Market discipline is a term which describes the restraint implicitly required of financial services companies in order to remain solvent and financially strong in the face of market pressure instead of regulatory pressure.
The markets can sometimes make a ruling on which companies were conducting their business according to prudent and ethical guidelines, without the need of an SEC audit or the intervention of any other regulatory agency. The companies that weren’t will lose their customers and go bankrupt, in no particular order.
Most of the regulations in place for the financial services industry are there to protect the consumers and the economy as a whole, but the banks and companies involved usually have an interest in self-preservation, and in looking good for their customers and shareholders, that leads them to take precautionary measures over and above the requirements of any regulations.
Banks and insurance companies, for example, have very well-defined capital reserve requirements, but market discipline will often lead them to exceed the requirements. In the new international banking resolutions of the Basel Accord, the 3rd Pillar is market discipline.

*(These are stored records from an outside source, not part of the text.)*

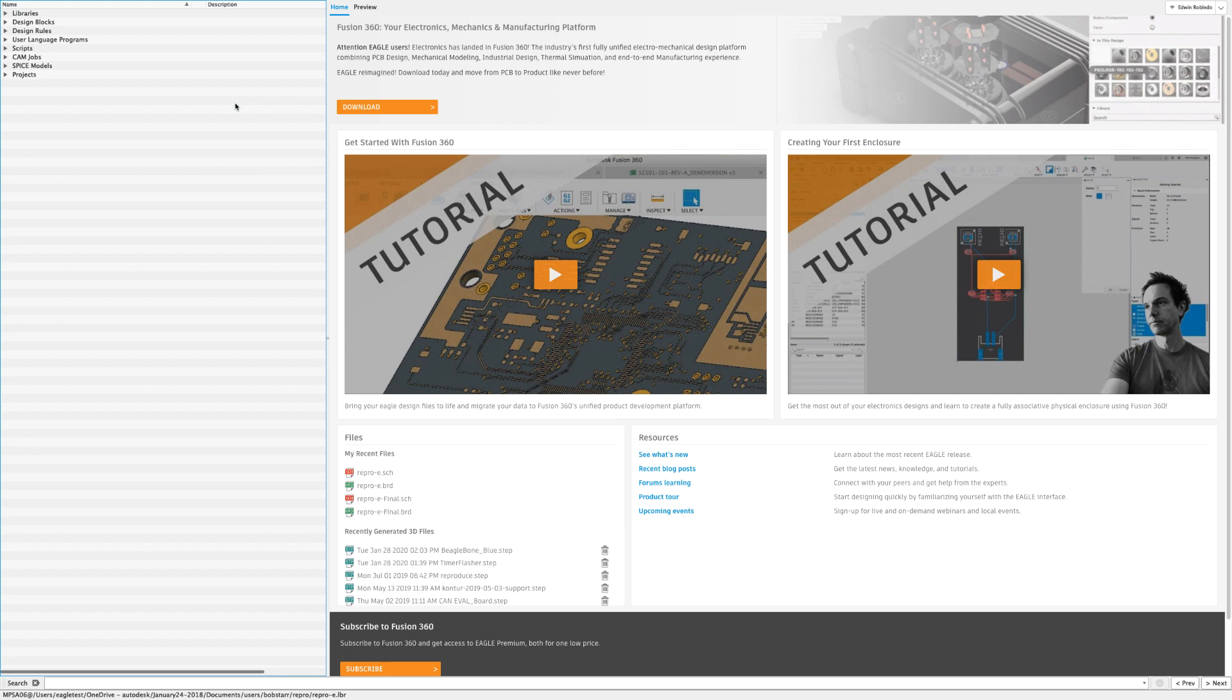Hi and welcome to Fusion 360. If you have been using Eagle, today you're going to learn how to import your Eagle design file and reference library into Fusion 360. For this example, the Eagle design and library are located on our local drive.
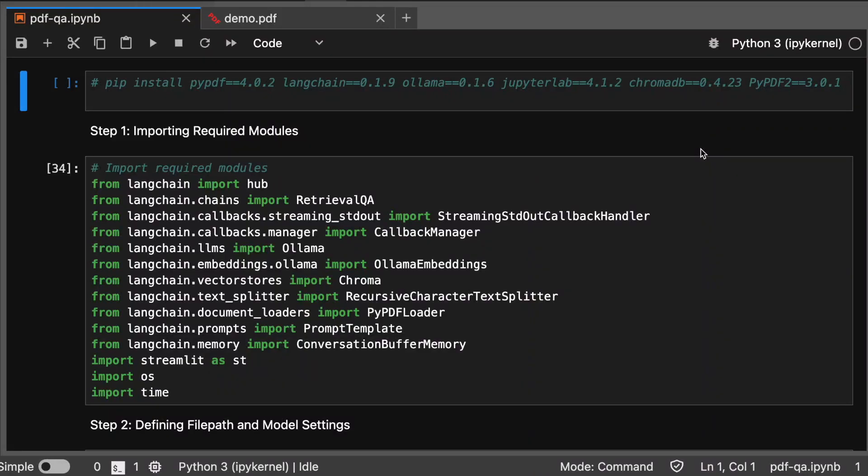Hey techies, welcome to my channel. We will build Retrieval Augmented Generation for chatting with PDFs using Llama 3. Discover how to extract answers from PDFs in just eight steps.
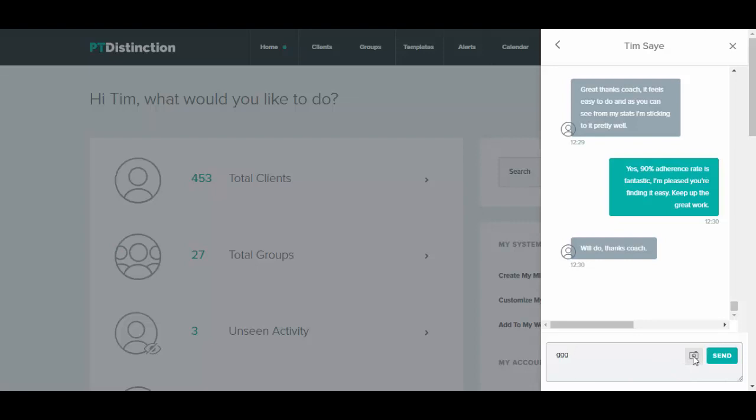Your client will also be able to send you chats, send you videos and send you images from inside this chat. You and your clients can do this from inside the apps and you can do this from inside the main software.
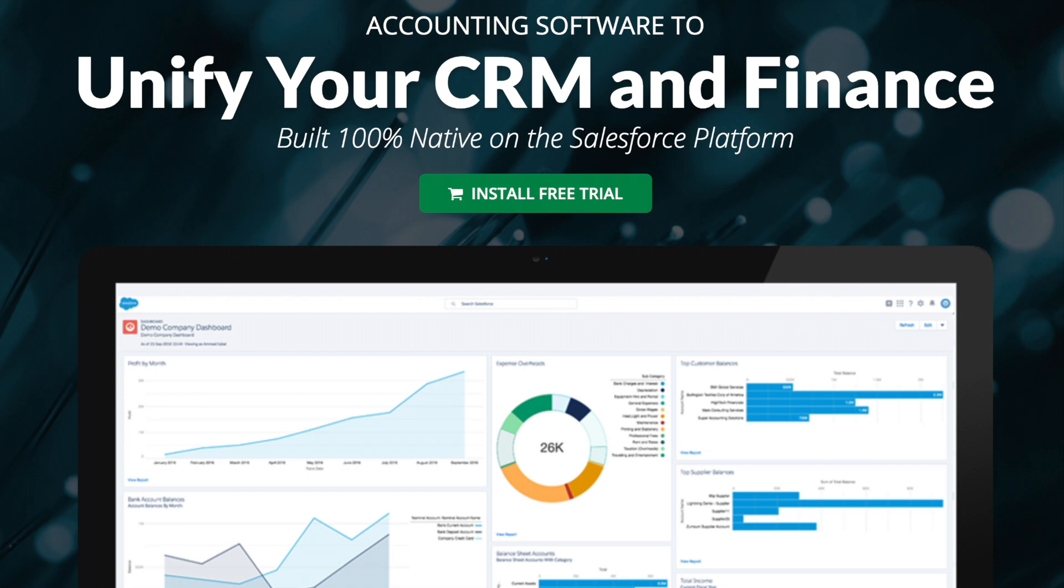Thank you for watching this overview of ZumZum Financials. To begin your journey with a unified CRM and finance system, please visit the Salesforce App Exchange to install your free trial.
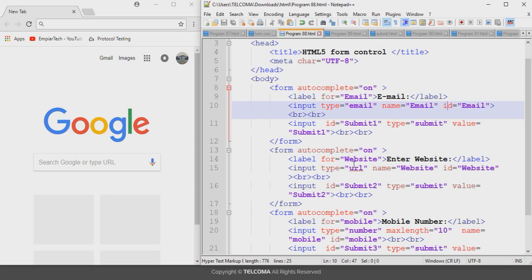Coming to the next part, the URL input form control — it is used to accept valid URLs and URIs. The input with type equals to URL configures a URL input form control. If you enter any text other than a valid URI or URL, it will display an error message.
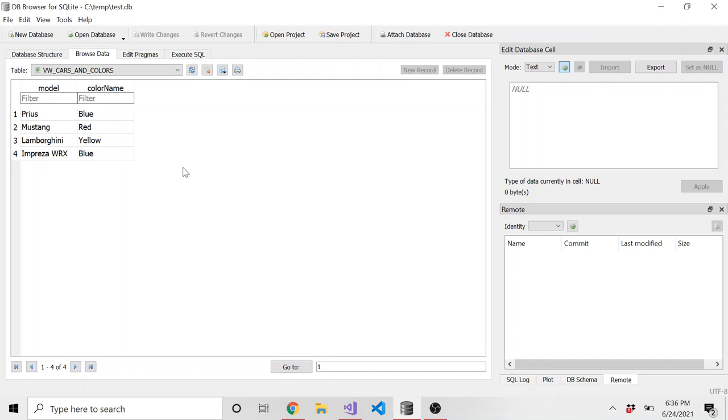That's what's nice about views is we can create a view. If we already know we're going to join data quite often like this, we can create a view to save us a lot of time. And then I'm going to show you in the next video how to reference this view in Entity Framework Core.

They gently force market discipline on to banks by recommending and in some cases requiring that their books are transparent and visible to market participants. This allows the market to self-regulate when it has enough information to work with.
Part of the reason that the other pillars of the Basel Accord had to be mandated is because the market discipline had been largely removed from the banking industry over the years due to the removal of much of the risk for making loans through mortgage insurance and collateralized debt.